19 ottobre 2013

Bling Ring - Recensione

Scritto, diretto e prodotto da Sofia Coppola, Bling Ring racconta la vera storia della banda più famosa di Hollywood.
In una Los Angeles tormentata dal successo, un gruppo di adolescenti, ossessionati dala vita delle star, inizia ad introdursi nelle abitazioni dei divi sottraendo beni di lusso per un valore di 3 milioni di dollari.
Il film non risulta uno dei migliori della cineasta statunitense. Il ritmo è piuttosto lento, dilatato dal ripetersi degli avvenimenti. Questa reiterazione è tuttavia funzionale alla descrizione della superficialità dei personaggi, ma oltre al mero racconto degli episodi, la regista non fa nessuno sforzo interpretativo. Non viene data alcuna motivazione del perché questi ragazzi fanno ciò che fanno. Le loro storie personali vengono lasciate in secondo piano.
Da ciò si evince, chiaramente, che le intenzioni della Coppola non sono puramente quelle di portare sul grande schermo le vicende della banda del Bling Ring, ma quelle di muovere una critica al vanesio mondo delle celebrità. I giovani d'oggi ne vogliono disperatamente far parte, non inseguendo il sogno di fama e grandezza, ma bramando lo status, la possibilità di entrare nei locali giusti con gli abiti giusti. 
Il cast sorprende decisamente in maniera positiva, dai più conosciuti, come Emma Watson, ai meno noti.
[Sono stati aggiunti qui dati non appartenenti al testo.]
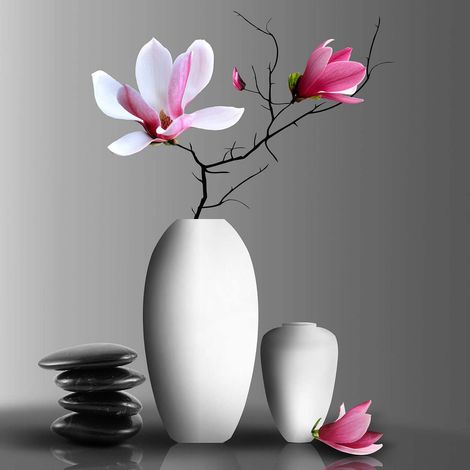 Tableau fleur rose magnolia | Tableau salle de bain vase blanc & galet fond gris | Tableau sur toile moderne pour couloir - 0,5 x 0,5 m (1/2)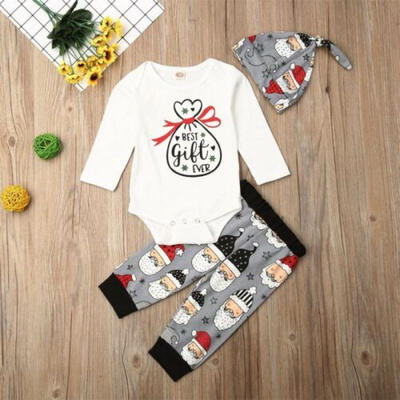 

US Christmas 3PCS Newborn Baby Boy Romper Bodysuit Pants Trousers Clothes Outfit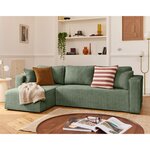 BEST MOBILIER Topaze - canapé d'angle déhoussable réversible 4 places en velours texturé. Coloris disponibles : Gris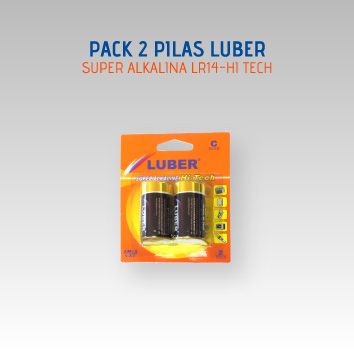 PACK 2 PILAS LUBER SUPER ALKALINA LR14-HI TECH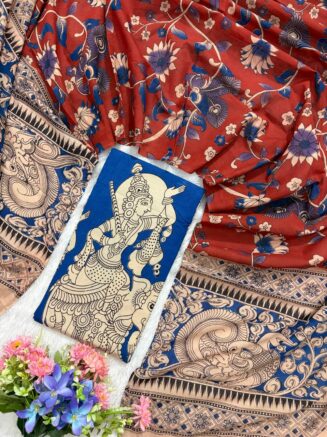 Kalahasti Printed Top with Floral Printed Shawl | 2-Piece Chudithar Material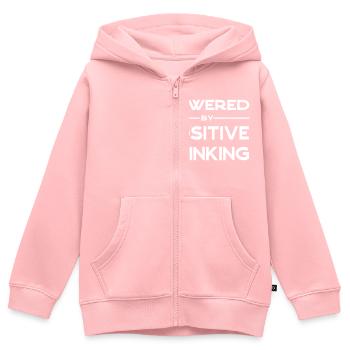 Powered by positive thinking - Sweat Premium à capuche zippé enfant bio - rose - Devant - AI Model Kid Female (0cm)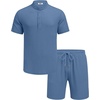 image:imageCOOFANDY Mens Summer Beach Outfits 2 Piece Casual Textured Henley Shirt and Shorts SetGrey Blue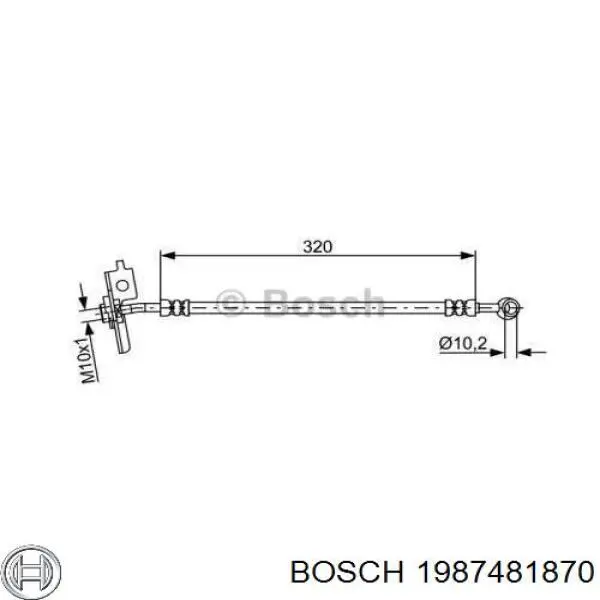 1987481870 Bosch latiguillos de freno delantero derecho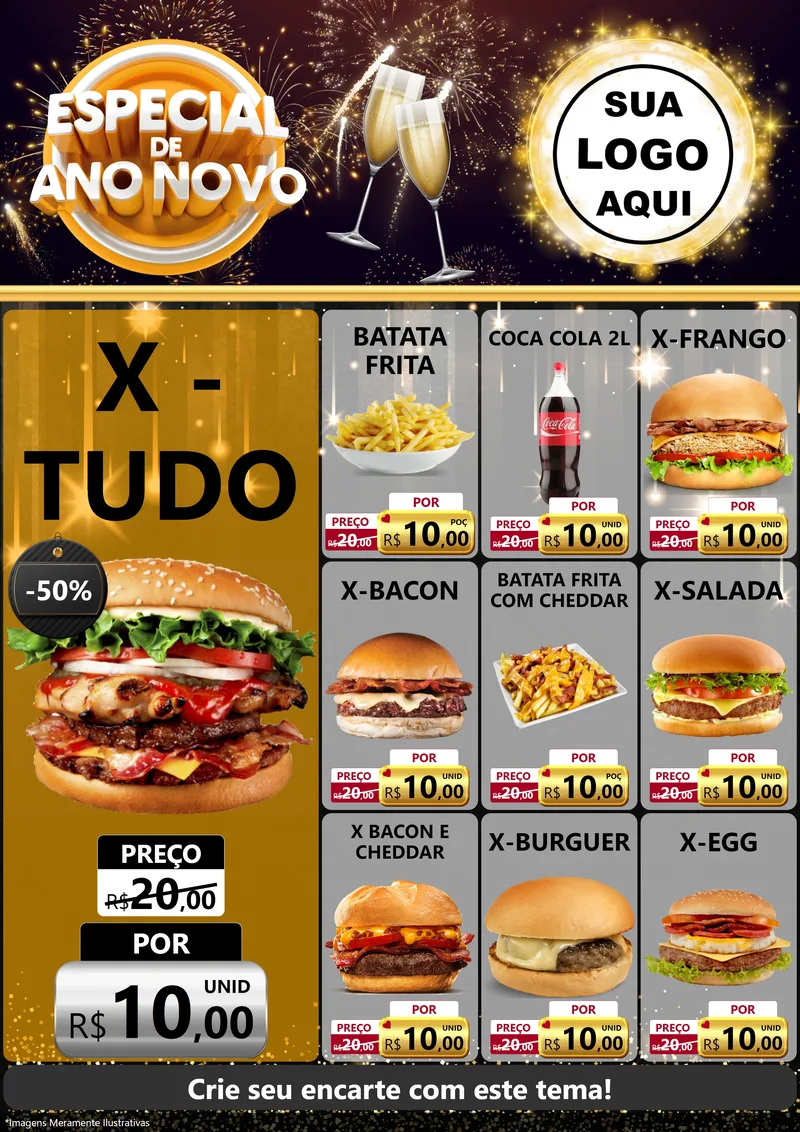 Modelo de Encarte para Encarte A4 Vertical com o tema Especial de Ano Novo para Hamburgueria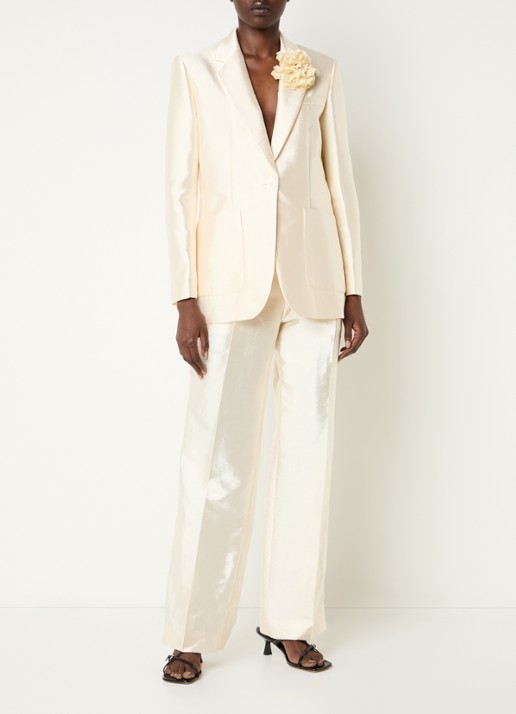 Sandro Blazer met glanzende finish en applicatie - voorkant 3 ivoor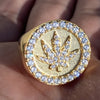 14K Gold Plated over Solid 925 Silver Marijuana Weed Leaf Iced Ring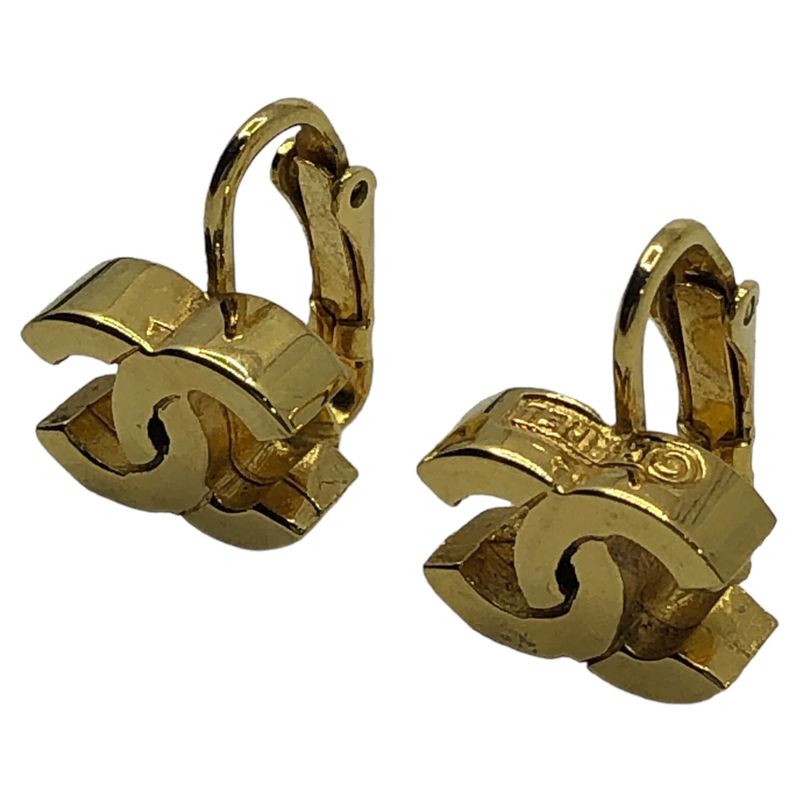 Chanel 70's Coco Mark Gold Earrings Coco Mark Gold Earrings Gold Engraved 233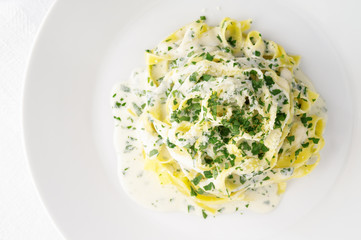fettuccine alfredo with added cream and parsley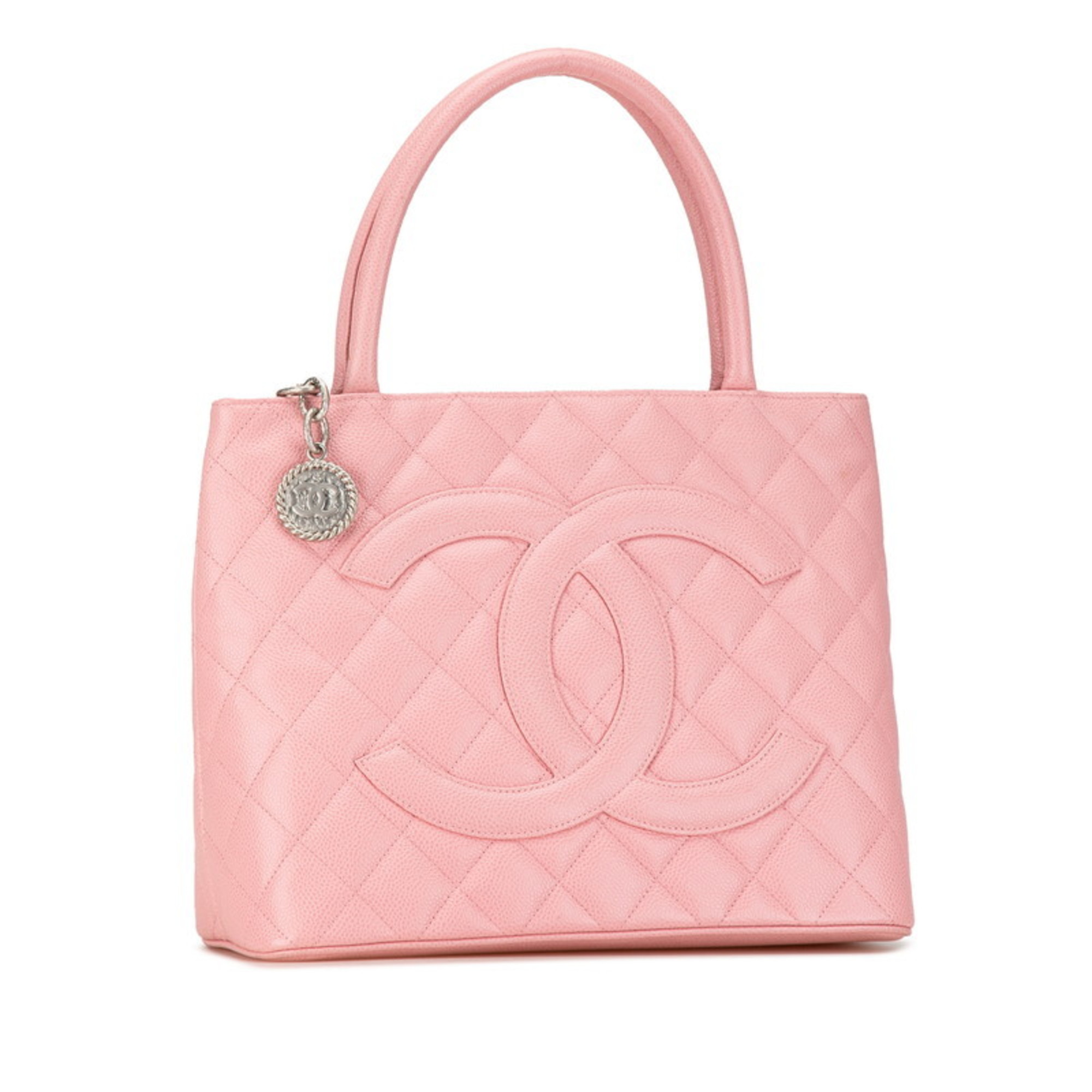 CHANEL Reprint Tote Coco Mark Bag A01804 Pink Caviar Skin Women's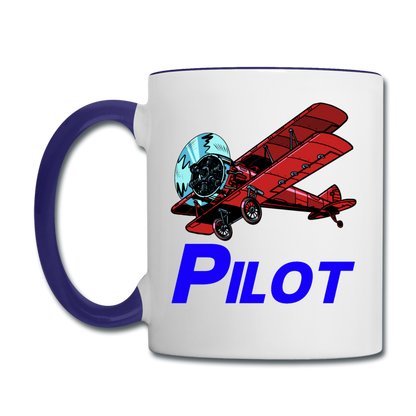 Pilot - Biplane - Contrast Coffee Mug - white/cobalt blue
Attraverso le loro interpretazoni traspare appieno il messaggio lanciato dalla regista.
Il talento di Sofia Coppola non si discute, la storia tuttavia sembra piuttosto scarna tanto da risultare un po' misera, costringendo la cineasta a dilatare i tempi, come già sottolineato, tanto che in alcuni momenti sembra di assistere ad un documentario sociale più che a un film, inteso nel più comune senso del termine.